TAMPA — The two fields utilized by the Bucs during the first three practices of the 2021 training camp represented a roster hierarchy of sorts.
During seven-on-seven or 11-on-11 work, starters and primary backups occupied Field One, with Field Two used mostly by those clawing for a roster or practice-squad spot.
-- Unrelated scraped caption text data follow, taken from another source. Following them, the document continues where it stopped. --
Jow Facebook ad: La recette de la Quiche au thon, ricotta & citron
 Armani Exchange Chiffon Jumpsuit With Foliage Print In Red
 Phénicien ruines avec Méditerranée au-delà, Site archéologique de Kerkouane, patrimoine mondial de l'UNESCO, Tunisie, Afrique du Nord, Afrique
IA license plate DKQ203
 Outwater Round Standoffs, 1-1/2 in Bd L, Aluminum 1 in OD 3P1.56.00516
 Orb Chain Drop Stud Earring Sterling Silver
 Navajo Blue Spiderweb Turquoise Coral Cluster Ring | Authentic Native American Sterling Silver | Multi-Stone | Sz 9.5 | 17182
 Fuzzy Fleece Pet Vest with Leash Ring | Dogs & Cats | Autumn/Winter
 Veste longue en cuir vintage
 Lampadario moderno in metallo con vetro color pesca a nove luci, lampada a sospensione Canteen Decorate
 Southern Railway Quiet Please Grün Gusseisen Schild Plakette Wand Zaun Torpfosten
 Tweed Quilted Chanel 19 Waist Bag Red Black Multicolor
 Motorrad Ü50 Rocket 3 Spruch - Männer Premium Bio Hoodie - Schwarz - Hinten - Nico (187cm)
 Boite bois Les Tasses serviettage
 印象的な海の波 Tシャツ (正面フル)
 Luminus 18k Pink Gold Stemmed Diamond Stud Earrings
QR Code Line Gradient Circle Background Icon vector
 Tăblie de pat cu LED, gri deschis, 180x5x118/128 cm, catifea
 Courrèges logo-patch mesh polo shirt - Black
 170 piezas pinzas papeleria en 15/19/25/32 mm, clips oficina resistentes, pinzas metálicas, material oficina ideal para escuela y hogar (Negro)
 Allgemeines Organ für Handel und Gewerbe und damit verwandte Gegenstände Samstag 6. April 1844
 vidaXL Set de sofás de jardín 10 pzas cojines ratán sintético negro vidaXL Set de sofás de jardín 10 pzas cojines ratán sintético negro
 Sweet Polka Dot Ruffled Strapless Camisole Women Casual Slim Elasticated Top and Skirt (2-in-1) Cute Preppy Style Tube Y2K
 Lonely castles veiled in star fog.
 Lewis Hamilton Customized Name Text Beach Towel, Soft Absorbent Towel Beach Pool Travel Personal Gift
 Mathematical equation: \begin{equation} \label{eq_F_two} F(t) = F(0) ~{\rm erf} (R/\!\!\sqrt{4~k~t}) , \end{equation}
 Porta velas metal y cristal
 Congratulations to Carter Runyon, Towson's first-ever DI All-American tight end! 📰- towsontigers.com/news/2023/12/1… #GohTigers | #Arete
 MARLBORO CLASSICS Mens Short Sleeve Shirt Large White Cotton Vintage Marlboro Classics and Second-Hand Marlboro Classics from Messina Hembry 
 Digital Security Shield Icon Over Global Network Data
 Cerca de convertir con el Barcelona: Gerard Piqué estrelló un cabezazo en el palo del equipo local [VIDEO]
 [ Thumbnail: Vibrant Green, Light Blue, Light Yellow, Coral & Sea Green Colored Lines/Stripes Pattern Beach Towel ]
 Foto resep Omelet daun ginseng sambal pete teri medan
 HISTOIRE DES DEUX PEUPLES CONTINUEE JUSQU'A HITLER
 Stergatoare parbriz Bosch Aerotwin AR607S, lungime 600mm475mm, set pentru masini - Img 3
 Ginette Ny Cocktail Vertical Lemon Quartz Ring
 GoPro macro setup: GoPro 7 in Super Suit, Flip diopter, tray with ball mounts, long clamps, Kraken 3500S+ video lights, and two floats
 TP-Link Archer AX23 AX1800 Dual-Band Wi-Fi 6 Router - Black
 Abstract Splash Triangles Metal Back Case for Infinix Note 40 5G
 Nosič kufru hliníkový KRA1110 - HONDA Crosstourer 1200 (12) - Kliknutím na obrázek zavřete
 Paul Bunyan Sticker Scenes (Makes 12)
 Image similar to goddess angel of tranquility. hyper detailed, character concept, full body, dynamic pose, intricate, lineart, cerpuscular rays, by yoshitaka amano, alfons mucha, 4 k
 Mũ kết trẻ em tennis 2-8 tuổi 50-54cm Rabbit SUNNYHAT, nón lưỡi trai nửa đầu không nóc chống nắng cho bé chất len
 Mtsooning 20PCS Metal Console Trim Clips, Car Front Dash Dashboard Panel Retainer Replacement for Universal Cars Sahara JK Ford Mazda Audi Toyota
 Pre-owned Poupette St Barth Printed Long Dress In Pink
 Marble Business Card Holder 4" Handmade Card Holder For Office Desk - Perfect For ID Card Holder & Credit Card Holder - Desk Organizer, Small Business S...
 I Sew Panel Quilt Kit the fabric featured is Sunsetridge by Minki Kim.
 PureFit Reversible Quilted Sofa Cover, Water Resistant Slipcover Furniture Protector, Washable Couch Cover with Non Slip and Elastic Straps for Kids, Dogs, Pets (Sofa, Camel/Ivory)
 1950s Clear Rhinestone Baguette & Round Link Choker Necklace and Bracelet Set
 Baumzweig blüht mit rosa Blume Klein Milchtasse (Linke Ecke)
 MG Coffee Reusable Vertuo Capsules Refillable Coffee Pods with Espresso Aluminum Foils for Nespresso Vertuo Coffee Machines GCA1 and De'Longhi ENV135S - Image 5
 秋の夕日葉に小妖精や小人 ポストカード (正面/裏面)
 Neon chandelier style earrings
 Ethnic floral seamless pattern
The benefits were at least twofold, providing adequate reps to the nearly 90 players suited up, and offering observers an idea of which rookies have made the most profound first impressions.
Based on those dual-field practices (and a fourth in which team work was confined mostly to one field), we now have a rough idea of where each member of the latest draft class may fit in the 2021 depth chart — or if they fit at all.
We break it down here, but bear in mind: The Bucs don’t practice in full pads until Saturday, when performances and perspectives can change.
(Also note that cornerback Chris Wilcox, a seventh-round pick, has a hamstring issue and remains on the active/physically unable to perform list.)
Outside linebacker Joe Tryon (first round)
The former Washington edge rusher was a Field One fixture, impressing coaches and peers with his burst and aggressiveness. Following the inaugural practice, Coach Bruce Arians said Tryon “showed up and flashed” during team work.
While a likely backup for now, he projects as a part of the edge-rusher rotation and clearly is being groomed as the heir to surgically mended veteran Jason Pierre-Paul, who at 32 is in the final year of a two-year, $25 million deal.
“He looks like he can play,” tight end Rob Gronkowski said. “He’s got the ideal typical body type for a defensive end. He has explosion coming off the line, no doubt about that. He’s big, he’s lengthy, which is what you want. He’s strong, too, but we’ll really see what he has when we put the pads on.”
Quarterback Kyle Trask (second round)
Any thoughts of Trask contending with veteran Blaine Gabbert for the No. 2 job essentially have been laid to rest for now. While Gabbert worked with Tom Brady on Field One, Trask shared snaps with Ryan Griffin on Field Two. So far, his reps during full-team work have been scarce.
A microcosm of his camp to date occurred Wednesday morning, when the record-setting former Gator found Josh Pearson on a nice corner route for a touchdown before being intercepted by veteran Ross Cockrell. Not that Trask is in danger of not making the team; to the contrary, he’s a lock as a second-round investment. Just don’t be shocked if he’s inactive for several Sundays this fall.
“He’s done a real good job on the other field,” Arians said Tuesday. “He’s still learning when it’s this fast. He’s not used to seeing it this fast, especially in that two-minute drill or that last period. But he’s growing. He’s in no hurry.”
Offensive lineman Robert Hainsey (third round)
Though he started 34 games for Notre Dame at right tackle, Hainsey said Tuesday he has trained almost exclusively at center, where 30-year-old veteran Ryan Jensen will play the final year of his contract in 2021. Whether the Bucs attempt to re-sign Jensen, who has made nearly every offensive snap for the team since 2018, remains unclear.
Hainsey, in fact, worked with the first team (or a modified version of it) Wednesday while Jensen and other veterans were given the day off.
“Other than the first snap of the practice, I thought he had a really, really good practice,” Arians said. “He was solid and did a really fine job a couple of times pulling and getting up on people. Identifications were good. It was a really solid day for him. He’s getting better and better.”
Wide receiver Jaelon Darden (fourth round)
Perhaps the most intriguing rookie of the group. Arians has given zero quarter to this North Texas record-setter, publicly calling him out for dropped passes and lighting into him on the field when he has lined up incorrectly.
But for Darden, who has worked on Field One with the front-liners, that’s a good thing. Arians wouldn’t be pushing his 5-foot-8 speedster with such drill-sergeant gusto if he didn’t have immediate plans for him (as a receiver and return specialist).
“Yeah, he’s going to keep flashing,” the coach said. “Just let him grow. That’s why he’s out there with Tom (Brady) and those guys. He’s learning you don’t just run — get the head around, because that ball is already in the air. He knows how to get open and it’s just letting him finish now.”
ILBs K.J. Britt (fifth round), Grant Stuard (seventh round)
Both had solid moments while working primarily on Field Two in an effort to land on the final 53-man roster. Stuard intercepted a deflected Trask throw on Tuesday, and Britt broke up a Gabbert throw that was picked by Sean Murphy-Bunting the following day.
Still, the ultimate fate of these two hinges on their special-teams performances. The Bucs currently have nice depth on the inside, with veterans Kevin Minter and Joe Jones (signed in the offseason from Denver) also vying to back up Lavonte David and Devin White.